Rétroactivement, il est aisé de se rendre compte que la seconde et nettement plus longue partie de 15 est une annexe de la première - en réalité le court d’origine dans son intégralité. Le premier groupe d’ami de Shaun en effet est moins violent, moins éloigné de ses contemporains que le second. Si les trois adolescents portent déjà en eux les stigmates d’une rebellion (rejet de l’autorité parentale, consommation excessive de tabac et drogues, visionnage passif de films pornographiques et surtout les rixes inter-bandes), un simili-contact existe toujours avec leurs contemporains - au travers notamment de leur volonté de livrer une prestation de qualité pour le spectale-karaoke de leur école. Désireux d’être provocateurs, les deux héros délaissés par Shaun (qui intervient ici uniquement en flashback, empreint de doutes quant à la viabilité de toute forme d’amitié) reviennent presque malgré eux dans le giron des modes adolescentes des jeunes "intégrés", au travers de leurs goûts musicaux par exemple. La violence est présente mais pas définitive, et les exclus potentiels se maintiennent en suspension entre deux modes de vie - et ce jusqu’à ce que l’un des deux soit écarté du domicile familial pour cause d’échec scolaire.
Dans sa seconde partie qui contitue le véritable cri de détresse de 15, le tableau est tout autre. Les stigmates de Shaun ont notamment trouvé une incarnation sous forme de piercings et abondance de tatouages, et les rixes qui les opposent à d’autres bandes sont plus sanglantes. A ce duo d’Ah-Bengs vient s’ajouter un troisième personnage, qualifié de "mort-vivant". Un ancien ami de Shaun devenu ennemi, qui redevient son ami après lui avoir sauvé la mise (dans une lutte contre des ados soutenant l’utilisation abusive du "good english" pronée par le gouvernement) et qui cherche un immeuble de qualité du haut duquel se suicider, afin que tout Singapour soit au courant de sa mort. Un personnage androgyne, hype et fascinant, qui introduit de façon pernicieuse car presque légère le nihilisme rémanent de 15 (épouvantable séquence de coups de cutter auto-infligés). Après la disparition de ce trublion showman/suicidaire, 15 se concentre sur l’amitié perverse de Shaun et Vynn.

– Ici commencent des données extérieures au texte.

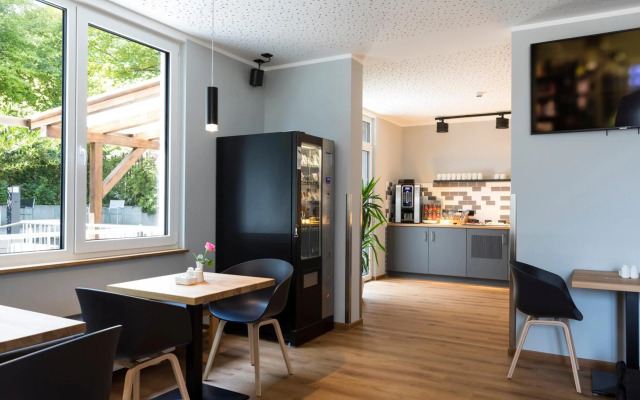 mk hotel Eschborn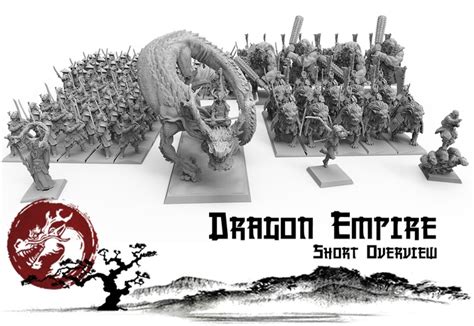 Titan-Forge’s Dragon Empire Army Grows On Kickstarter – OnTableTop ...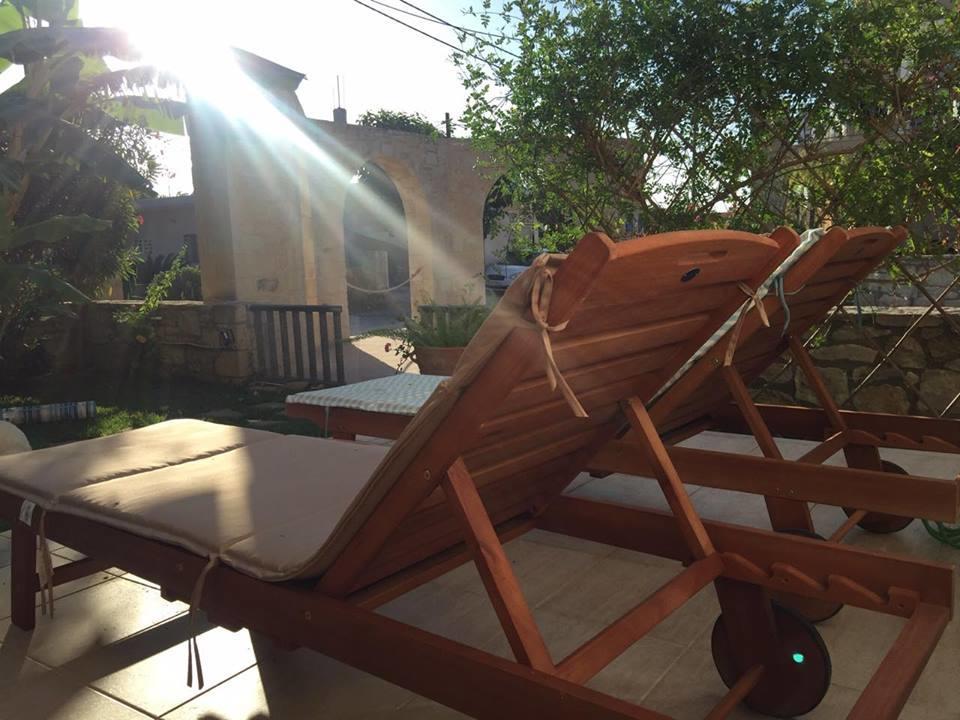 Holiday home Cretamos Seaside Kissamos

Les paroles laissent la place aux actes, et la réalité de la violence assumée de leur vie éclate au grand jour, à coups de piercings en gros plan et autres ingestions de préservatifs goinfrés de cachetons. Aux larmes s’ajoutent divers fluides corporels qui trahissent autant de blessures et mutilations, personnelles et/ou sociales, et le sourire du spectateur s’efface définitivement pour laisser place au malaise.

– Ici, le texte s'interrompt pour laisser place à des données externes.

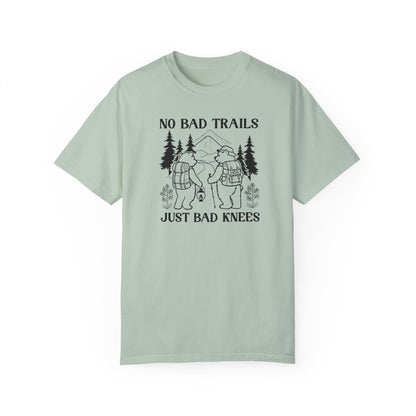 No Bad Trails Premium Tee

Pourtant ce qui subsiste de 15 - outre les prestations étonnantes de ces véritables Ah-Bengs - c’est la démonstration de fraternité qui nous y est livrée. L’amitié inconditionnelle de Shaun et Vynn (en opposition totale avec les doutes qui caractérisent Shaun dans la première partie) dépasse de loin les liens du sang et rend crédible un nihilisme pourtant déroutant. La beauté terrible de cette relation permet de faire passer la pilule stylistique de l’ensemble, clippé jusqu’à provoquer de véritable ruptures non seulement visuelles mais aussi sonores (la volonté de ne pas raccorder certains montages audio), certainement dans le but d’augmenter encore le côté incisif du film. Tour à tour maîtrisé et débridé, extrème et subtil, 15 n’en constitue pas moins un témoignage radical et précieux, dont on espère qu’il pourra en dépit de la censure locale, s’imposer non pas uniquement sur le circuit des festivals, mais aussi à l’intérieur du système qu’il dépeint.
15 a obtenu le prix du jury à l’occasion du 6ème festival du film asiatique de Deauville.
Le film sera par ailleurs diffusé lors des Rencontres du cinéma asiatique de Paris (du 31 mars au 4 avril), en présence du réalisateur.